Given that two-thirds of this book are among the most powerful pages I’ve read all year, the turn from memoir to manifesto is slightly disappointing. The rather wince-making “relationship advice” is Deepak Chopra dressed up as Tupac Shakur. Rhodes rails at the “people who put the ‘ass’ into classical”. Deriding music industry snobs while taking pot shots at Andrew Lloyd-Webber may smack of double standards. Rhodes limns the lives of the great composers to stress insanity, booze, egomania and eccentricities, but I doubt that anyone is going to go and hear Telemann or Stravinsky because they think the composer’s a rebellious dude. Classical music does need to be demystified, but it doesn’t need to repackage itself as the old rock’n’roll.

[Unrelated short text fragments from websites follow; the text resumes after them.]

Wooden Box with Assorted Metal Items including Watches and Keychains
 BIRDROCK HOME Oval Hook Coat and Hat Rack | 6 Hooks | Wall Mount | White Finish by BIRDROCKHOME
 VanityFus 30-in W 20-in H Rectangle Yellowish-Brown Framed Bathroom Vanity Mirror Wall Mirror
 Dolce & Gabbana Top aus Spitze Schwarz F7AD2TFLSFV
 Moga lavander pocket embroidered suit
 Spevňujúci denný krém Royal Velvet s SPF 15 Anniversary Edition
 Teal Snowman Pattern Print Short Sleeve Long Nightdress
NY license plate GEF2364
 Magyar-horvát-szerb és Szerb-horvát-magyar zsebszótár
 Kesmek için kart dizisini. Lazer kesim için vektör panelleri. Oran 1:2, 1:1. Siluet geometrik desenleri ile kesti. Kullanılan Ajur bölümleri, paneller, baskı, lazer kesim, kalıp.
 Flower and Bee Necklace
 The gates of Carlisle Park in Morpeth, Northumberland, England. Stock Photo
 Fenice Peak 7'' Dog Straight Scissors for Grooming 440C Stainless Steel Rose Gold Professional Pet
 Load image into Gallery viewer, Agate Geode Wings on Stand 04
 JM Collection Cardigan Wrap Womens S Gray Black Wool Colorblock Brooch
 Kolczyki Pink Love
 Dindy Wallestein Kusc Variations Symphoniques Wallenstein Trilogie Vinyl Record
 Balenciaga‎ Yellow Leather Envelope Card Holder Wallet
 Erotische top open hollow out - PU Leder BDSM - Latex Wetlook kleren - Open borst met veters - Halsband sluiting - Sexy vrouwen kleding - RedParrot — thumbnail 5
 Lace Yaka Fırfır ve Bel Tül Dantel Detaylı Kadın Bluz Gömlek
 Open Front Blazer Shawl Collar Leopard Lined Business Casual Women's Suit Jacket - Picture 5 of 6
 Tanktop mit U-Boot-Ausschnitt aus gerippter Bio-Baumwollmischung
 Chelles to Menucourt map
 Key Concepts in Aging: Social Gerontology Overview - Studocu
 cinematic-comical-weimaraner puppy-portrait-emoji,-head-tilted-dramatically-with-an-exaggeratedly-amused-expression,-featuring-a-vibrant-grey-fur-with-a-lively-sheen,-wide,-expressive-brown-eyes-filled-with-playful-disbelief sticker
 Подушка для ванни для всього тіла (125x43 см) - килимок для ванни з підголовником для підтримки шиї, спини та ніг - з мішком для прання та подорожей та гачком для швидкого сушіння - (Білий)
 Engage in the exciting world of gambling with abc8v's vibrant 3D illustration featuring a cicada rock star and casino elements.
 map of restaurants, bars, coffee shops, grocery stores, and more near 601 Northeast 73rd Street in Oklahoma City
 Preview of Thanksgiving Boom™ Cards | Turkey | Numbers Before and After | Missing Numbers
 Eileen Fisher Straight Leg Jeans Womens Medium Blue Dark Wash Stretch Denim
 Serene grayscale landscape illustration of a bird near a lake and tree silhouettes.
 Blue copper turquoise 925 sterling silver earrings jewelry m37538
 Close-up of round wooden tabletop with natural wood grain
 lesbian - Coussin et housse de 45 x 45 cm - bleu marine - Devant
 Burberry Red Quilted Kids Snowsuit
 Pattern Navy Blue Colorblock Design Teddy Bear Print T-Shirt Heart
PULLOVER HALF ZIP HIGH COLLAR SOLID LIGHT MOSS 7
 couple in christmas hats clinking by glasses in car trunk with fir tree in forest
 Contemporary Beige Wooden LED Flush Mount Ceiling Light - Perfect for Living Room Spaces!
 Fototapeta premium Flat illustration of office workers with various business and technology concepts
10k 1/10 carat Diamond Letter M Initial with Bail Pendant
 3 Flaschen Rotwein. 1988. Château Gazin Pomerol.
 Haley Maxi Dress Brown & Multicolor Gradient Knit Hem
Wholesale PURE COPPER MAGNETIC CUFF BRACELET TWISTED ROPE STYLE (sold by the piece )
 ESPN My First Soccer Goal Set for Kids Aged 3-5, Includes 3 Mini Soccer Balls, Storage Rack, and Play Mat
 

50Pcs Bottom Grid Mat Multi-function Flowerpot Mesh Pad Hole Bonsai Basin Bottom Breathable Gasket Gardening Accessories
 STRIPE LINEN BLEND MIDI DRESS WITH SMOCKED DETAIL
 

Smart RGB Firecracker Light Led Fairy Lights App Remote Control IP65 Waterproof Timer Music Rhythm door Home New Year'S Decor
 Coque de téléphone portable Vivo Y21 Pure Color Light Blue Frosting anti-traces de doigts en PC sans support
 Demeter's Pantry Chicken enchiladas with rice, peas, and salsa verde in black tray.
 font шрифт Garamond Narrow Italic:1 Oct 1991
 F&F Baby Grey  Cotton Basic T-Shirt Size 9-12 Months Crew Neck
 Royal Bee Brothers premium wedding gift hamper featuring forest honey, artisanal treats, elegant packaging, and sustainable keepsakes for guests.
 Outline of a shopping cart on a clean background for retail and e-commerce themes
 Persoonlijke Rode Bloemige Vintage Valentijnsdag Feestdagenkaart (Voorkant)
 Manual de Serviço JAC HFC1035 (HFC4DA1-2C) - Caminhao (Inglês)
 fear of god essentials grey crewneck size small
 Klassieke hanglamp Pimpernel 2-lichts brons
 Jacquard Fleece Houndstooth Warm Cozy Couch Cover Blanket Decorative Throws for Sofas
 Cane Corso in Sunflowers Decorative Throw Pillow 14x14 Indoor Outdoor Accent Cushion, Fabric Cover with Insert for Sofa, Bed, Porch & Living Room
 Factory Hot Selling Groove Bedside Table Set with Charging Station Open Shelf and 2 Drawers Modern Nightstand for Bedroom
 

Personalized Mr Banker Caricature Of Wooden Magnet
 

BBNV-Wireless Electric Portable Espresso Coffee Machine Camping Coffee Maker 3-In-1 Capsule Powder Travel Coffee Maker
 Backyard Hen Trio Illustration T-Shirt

When I took my brother and sister-in-law to their first opera, they were anxious at first about what to wear. I said if you fancy dressing up, dress up; if you want to wear jeans, wear jeans. And I have never truly understood what “to be transported” meant until I saw their faces in the last act of Don Giovanni. It is concomitant on those of us who love this music not to keep it to ourselves. Initiatives such as the BBC Music Magazine Ten Pieces or Big Noise Raploch might prove a more efficacious route to involving young people in classical music.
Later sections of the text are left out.